Criminal defendants have a right to understand the charges against them, understand the criminal proceedings and their import, be capable of communicating effectively with their defense counsel (or be competent enough to represent themselves), and be able to assist in the preparation and presentation of their own defense. Anything less would yield a criminal justice system that does not ensure due process or simple human dignity for the accused.

The Fifth and Fourteenth Amendments to the U.S. Constitution guarantee due process for all criminal defendants, and due process requires both substantive due process (substantive fairness or equity) and procedural due process (procedures sufficient to guarantee notice and a right to be heard). If a criminal defendant does not understand the charges that have been brought, or does not understand the respective roles of the prosecutor or the judge or the jury, or is not able to understand the evidence as it comes before the jury, or cannot understand what the defense attorney is advising or explaining, then he or she is not competent to stand trial. If the criminal justice system is conceived as providing a path toward fair and proportionate consequences for criminals, and if criminal sentences are justified because they provide deterrence, retribution, rehabilitation, and restitution, then the prosecution of a defendant who does not understand what is happening in court may fail to achieve any real deterrence, retribution, rehabilitation, or restitution at all.

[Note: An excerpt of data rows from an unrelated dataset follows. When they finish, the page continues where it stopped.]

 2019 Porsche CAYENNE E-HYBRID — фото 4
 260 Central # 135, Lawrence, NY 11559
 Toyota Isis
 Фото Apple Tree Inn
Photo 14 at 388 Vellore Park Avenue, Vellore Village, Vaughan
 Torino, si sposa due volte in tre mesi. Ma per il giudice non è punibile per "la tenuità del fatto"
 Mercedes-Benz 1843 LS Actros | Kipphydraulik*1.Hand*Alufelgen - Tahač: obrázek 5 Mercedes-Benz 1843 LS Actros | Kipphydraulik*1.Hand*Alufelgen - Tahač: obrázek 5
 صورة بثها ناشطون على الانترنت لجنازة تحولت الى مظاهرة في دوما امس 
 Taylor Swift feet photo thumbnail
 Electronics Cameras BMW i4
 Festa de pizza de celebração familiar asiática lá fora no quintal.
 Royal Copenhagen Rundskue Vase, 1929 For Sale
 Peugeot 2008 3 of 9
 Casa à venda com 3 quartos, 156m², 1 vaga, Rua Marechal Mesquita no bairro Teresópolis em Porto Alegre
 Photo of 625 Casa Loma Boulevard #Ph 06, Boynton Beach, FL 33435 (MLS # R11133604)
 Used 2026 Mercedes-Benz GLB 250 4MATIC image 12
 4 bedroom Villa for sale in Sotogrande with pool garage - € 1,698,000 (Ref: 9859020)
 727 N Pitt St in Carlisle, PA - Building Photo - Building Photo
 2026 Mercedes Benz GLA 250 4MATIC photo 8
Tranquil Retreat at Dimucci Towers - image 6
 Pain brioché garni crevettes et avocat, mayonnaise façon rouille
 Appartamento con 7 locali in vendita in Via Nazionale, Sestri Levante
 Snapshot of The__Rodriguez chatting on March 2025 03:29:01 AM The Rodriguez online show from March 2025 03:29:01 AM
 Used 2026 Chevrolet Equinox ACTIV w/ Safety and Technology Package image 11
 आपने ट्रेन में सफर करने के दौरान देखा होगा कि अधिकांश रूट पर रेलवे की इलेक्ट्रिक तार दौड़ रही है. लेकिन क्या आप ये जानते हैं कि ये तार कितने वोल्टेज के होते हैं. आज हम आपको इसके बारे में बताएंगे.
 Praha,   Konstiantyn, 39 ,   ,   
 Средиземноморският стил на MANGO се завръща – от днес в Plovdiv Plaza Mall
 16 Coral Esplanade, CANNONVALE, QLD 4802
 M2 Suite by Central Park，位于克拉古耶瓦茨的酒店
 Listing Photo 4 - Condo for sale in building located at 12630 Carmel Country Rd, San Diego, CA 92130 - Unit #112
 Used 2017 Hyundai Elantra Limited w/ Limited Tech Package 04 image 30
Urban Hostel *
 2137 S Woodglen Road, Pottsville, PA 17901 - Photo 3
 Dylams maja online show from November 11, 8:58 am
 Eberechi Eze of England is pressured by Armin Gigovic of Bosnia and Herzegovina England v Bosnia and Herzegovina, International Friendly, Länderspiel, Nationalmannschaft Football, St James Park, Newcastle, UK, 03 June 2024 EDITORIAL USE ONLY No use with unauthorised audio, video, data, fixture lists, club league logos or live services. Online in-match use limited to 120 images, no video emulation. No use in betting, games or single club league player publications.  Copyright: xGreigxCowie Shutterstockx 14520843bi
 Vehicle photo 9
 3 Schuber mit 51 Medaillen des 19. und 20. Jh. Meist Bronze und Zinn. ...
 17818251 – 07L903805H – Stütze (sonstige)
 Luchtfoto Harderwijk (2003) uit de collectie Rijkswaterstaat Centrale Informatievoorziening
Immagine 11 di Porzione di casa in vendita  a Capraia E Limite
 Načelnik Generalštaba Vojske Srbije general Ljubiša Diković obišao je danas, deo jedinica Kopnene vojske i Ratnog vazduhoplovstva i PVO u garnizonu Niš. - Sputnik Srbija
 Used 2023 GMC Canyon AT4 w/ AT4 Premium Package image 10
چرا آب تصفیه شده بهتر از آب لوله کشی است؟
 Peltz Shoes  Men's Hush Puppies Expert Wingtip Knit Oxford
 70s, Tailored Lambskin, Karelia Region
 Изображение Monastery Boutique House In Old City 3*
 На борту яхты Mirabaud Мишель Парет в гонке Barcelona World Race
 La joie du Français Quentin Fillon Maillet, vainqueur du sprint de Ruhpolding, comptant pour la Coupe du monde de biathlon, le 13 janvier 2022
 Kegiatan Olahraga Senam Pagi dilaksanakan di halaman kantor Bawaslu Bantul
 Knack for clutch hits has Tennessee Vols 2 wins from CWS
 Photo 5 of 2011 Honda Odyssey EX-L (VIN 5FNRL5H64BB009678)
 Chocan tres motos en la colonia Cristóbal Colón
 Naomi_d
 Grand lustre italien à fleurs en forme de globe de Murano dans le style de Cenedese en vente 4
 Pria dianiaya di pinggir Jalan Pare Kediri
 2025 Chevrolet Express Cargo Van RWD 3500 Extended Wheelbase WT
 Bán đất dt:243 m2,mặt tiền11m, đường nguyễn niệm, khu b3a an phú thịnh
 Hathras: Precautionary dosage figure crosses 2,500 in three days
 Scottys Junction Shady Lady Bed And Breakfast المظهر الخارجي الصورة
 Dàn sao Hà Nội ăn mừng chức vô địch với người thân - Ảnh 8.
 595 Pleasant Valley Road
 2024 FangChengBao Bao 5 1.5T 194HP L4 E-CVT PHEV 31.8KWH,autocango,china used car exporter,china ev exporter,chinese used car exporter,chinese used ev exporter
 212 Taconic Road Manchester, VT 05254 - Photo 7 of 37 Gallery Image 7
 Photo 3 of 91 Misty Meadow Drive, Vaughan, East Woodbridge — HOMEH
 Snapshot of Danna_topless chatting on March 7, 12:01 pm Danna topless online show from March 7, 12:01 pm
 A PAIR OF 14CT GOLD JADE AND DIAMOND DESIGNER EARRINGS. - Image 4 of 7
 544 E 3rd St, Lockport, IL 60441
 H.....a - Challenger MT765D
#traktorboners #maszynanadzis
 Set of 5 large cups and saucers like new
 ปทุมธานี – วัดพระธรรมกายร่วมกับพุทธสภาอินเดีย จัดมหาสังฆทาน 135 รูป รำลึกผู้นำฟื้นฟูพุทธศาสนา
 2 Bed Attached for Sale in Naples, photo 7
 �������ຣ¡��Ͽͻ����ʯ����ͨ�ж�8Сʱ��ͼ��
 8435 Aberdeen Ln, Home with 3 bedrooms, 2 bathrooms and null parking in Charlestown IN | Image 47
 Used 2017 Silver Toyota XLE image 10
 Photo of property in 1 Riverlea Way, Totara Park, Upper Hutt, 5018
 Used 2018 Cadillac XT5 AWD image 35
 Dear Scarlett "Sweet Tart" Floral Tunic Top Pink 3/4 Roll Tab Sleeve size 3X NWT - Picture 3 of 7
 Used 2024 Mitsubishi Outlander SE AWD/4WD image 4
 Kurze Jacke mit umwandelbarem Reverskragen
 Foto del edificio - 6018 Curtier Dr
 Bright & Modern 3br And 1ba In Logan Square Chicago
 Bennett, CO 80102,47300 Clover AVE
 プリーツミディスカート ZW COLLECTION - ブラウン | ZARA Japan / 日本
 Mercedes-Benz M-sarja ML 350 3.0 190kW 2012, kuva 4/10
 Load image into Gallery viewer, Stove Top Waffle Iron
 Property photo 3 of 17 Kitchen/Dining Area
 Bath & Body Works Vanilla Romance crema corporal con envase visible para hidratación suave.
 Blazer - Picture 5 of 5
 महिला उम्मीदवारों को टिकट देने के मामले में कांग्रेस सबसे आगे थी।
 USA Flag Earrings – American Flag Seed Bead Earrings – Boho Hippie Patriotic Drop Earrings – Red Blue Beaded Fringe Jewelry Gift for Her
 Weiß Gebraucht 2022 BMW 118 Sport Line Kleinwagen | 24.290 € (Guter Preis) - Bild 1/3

Insanity Is Different From Incompetence to Stand Trial

There are several points in a criminal matter where the defendant’s competency is plainly at issue, but as a preliminary matter two different standards must be borne in mind. First, at the time of the crime itself, in most U.S. jurisdictions the criminal defendant must have been sane, that is, must have appreciated the nature of his or her criminal acts, must have been capable of understanding the difference between right and wrong, and must have known the criminal act was wrong. Stated differently, the defendant is insane when suffering from a severe mental disease or defect, and due to the disease or defect is unable to appreciate the nature and quality or the wrongfulness of his or her acts. If the defendant is found to be insane, then in most U.S. jurisdictions the defendant would be found not guilty by reason of insanity, or guilty but insane, and would not be held criminally culpable for the crime committed.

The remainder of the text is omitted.